▶ _Stored items from a collection_
┌────────

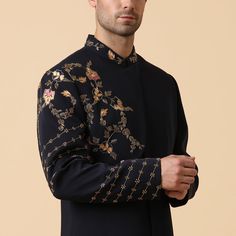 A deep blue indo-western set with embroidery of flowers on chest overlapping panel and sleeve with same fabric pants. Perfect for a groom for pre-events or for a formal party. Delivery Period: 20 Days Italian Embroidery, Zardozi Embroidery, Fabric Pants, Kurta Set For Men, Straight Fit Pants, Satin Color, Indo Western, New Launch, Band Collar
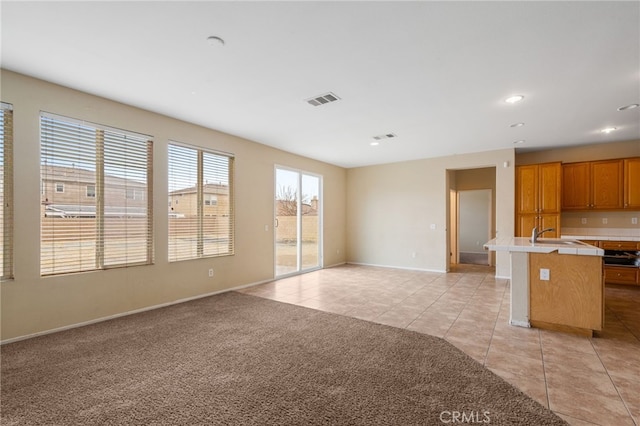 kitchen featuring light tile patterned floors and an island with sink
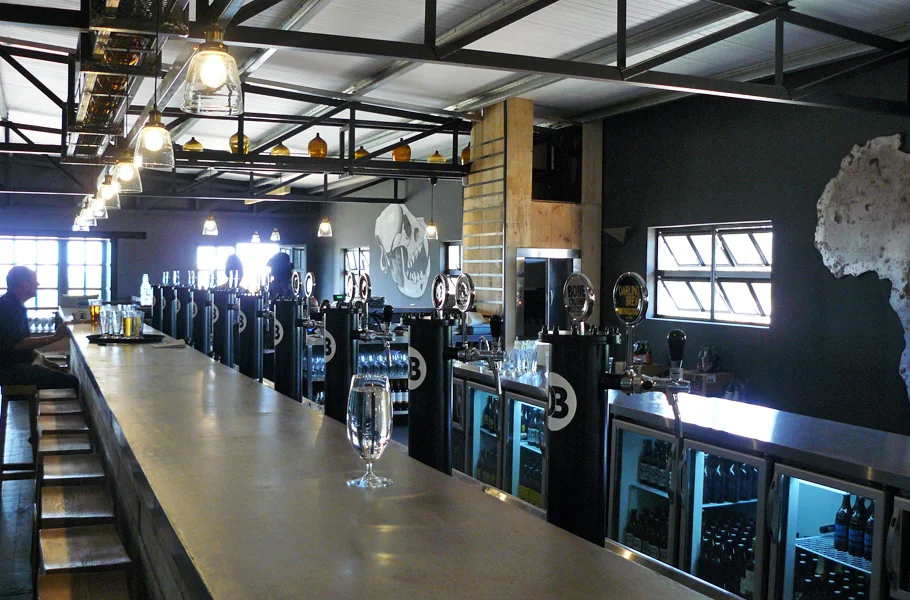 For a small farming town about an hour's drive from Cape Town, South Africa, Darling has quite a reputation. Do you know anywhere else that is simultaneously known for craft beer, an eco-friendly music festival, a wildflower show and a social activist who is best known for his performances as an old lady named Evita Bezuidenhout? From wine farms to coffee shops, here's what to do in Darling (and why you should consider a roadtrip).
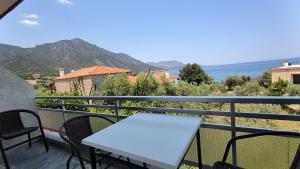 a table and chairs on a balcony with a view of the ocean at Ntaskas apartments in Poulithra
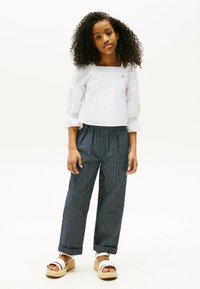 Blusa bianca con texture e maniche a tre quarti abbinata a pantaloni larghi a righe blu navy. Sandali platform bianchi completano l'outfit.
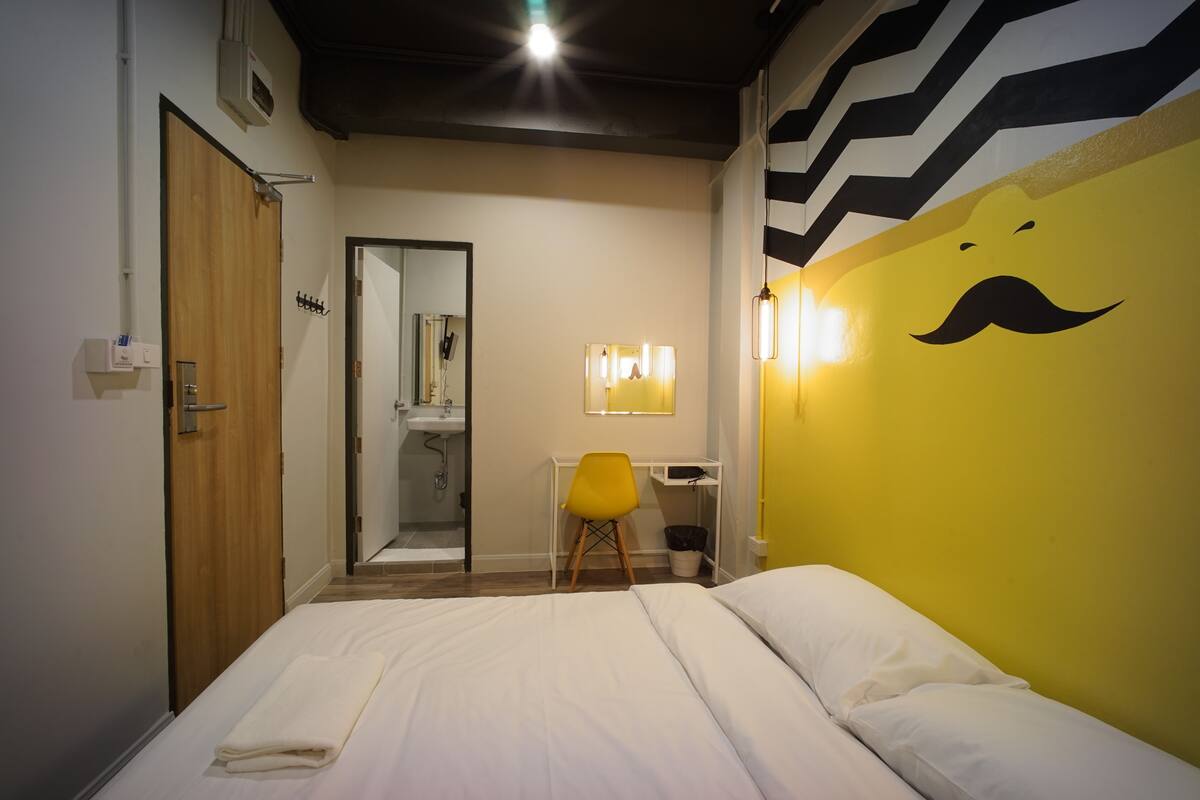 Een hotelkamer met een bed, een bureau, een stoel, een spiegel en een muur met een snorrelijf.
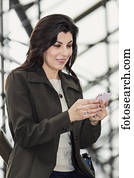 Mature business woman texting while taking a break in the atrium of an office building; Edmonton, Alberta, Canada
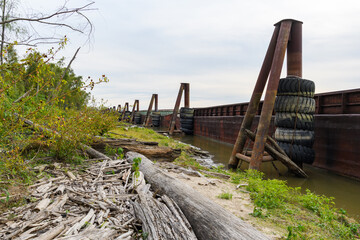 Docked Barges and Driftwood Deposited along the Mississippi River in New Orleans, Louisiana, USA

└────────
┌────────

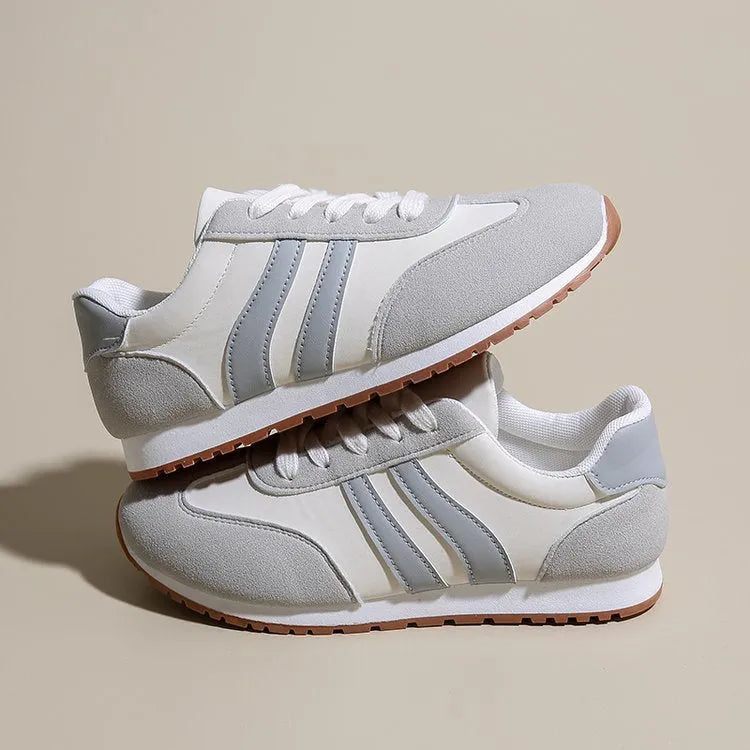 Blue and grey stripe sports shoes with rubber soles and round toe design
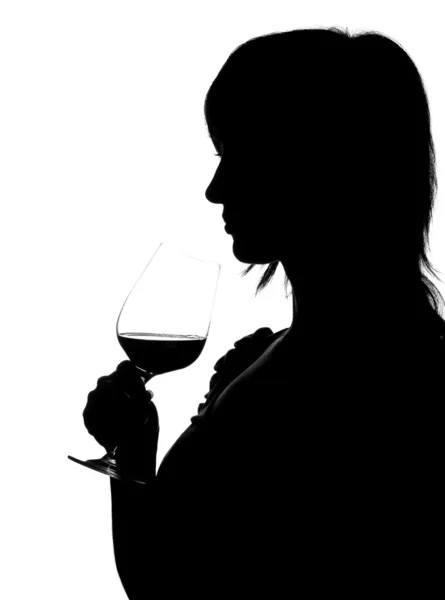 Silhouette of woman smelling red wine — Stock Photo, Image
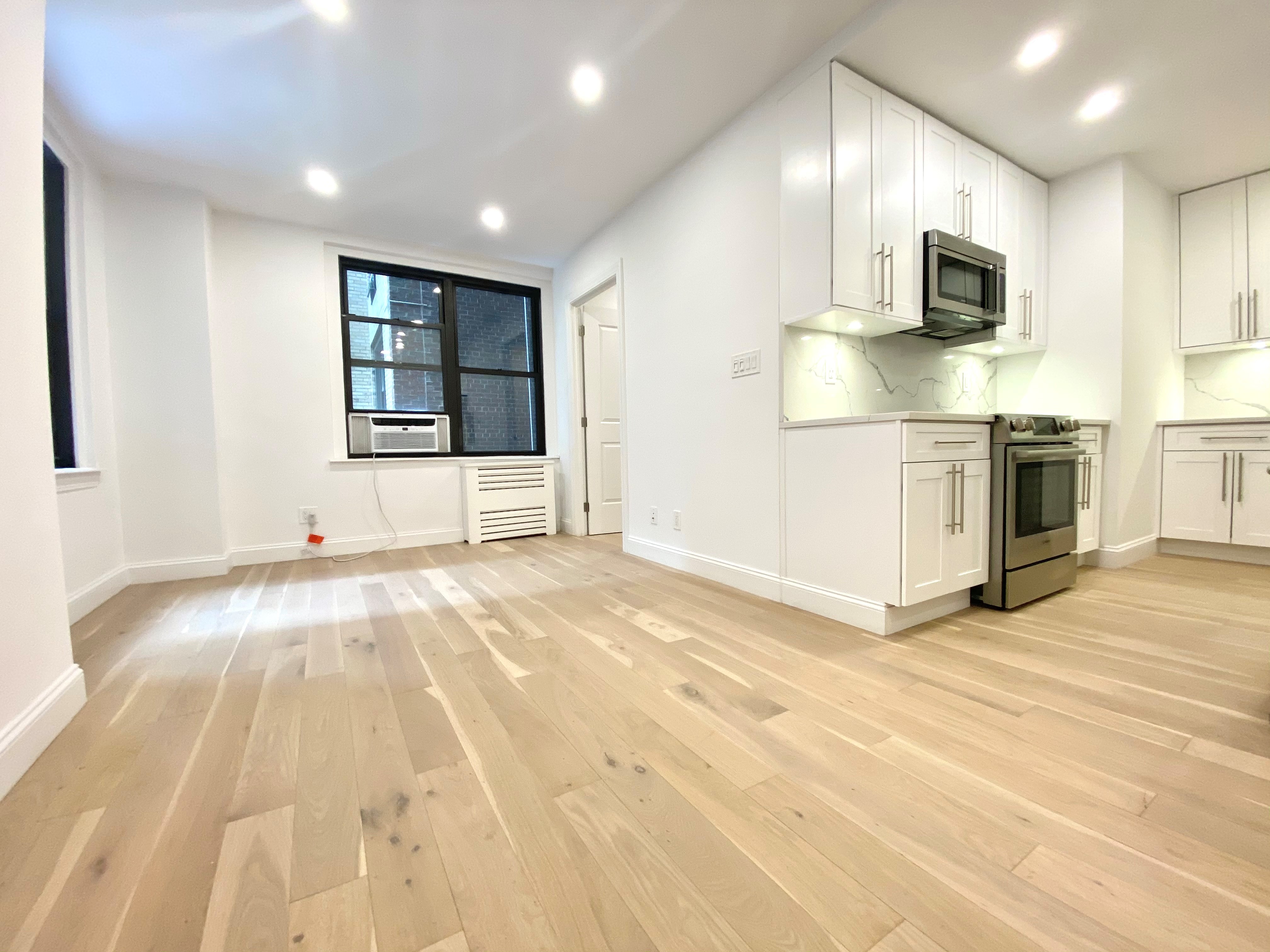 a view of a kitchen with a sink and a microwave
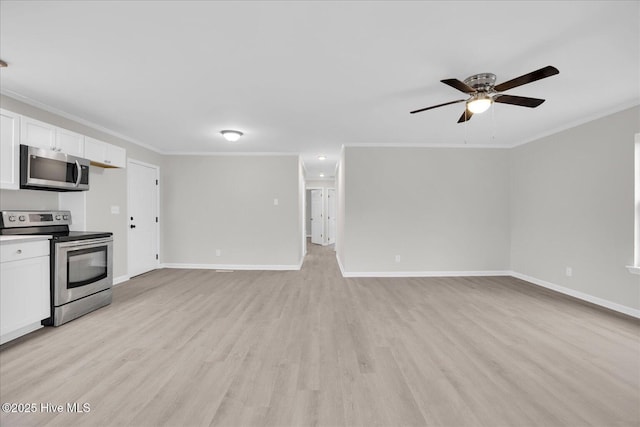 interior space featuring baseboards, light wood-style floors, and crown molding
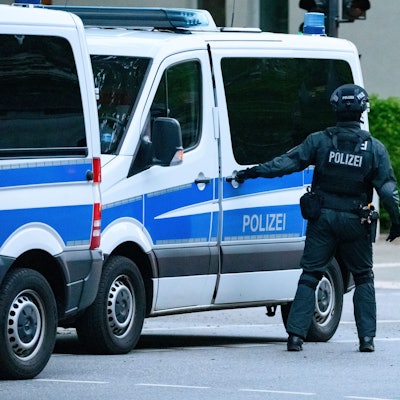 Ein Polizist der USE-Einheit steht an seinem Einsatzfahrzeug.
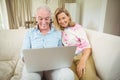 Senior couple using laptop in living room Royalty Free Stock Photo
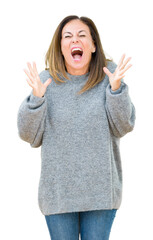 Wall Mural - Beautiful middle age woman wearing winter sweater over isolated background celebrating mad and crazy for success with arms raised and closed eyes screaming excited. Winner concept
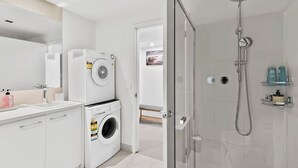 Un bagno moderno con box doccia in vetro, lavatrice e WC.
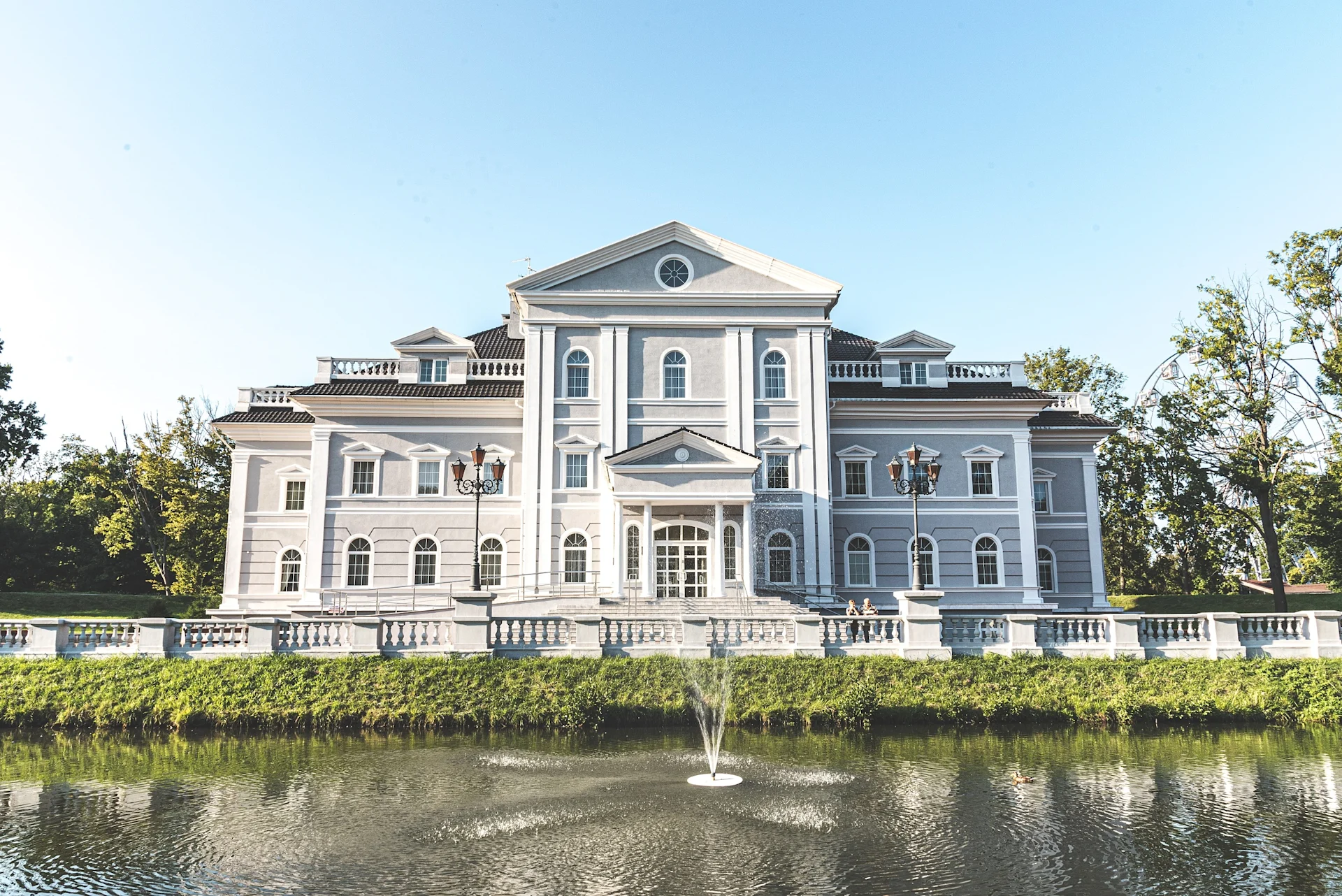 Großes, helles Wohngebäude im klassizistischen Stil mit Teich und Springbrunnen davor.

└────────

▶ _WORK INSTRUCTION_
In the data above, start at the line holding "Wall Mural - Beautiful" and stop after the line holding "Großes, helles Wohngebäude"; write out those lines exactly, without pictures.

▶ _OUTPUT FOR THIS EXERCISE_
 Wall Mural - Beautiful middle age woman wearing winter sweater over isolated background celebrating mad and crazy for success with arms raised and closed eyes screaming excited. Winner concept
 Un bagno moderno con box doccia in vetro, lavatrice e WC.
 Großes, helles Wohngebäude im klassizistischen Stil mit Teich und Springbrunnen davor.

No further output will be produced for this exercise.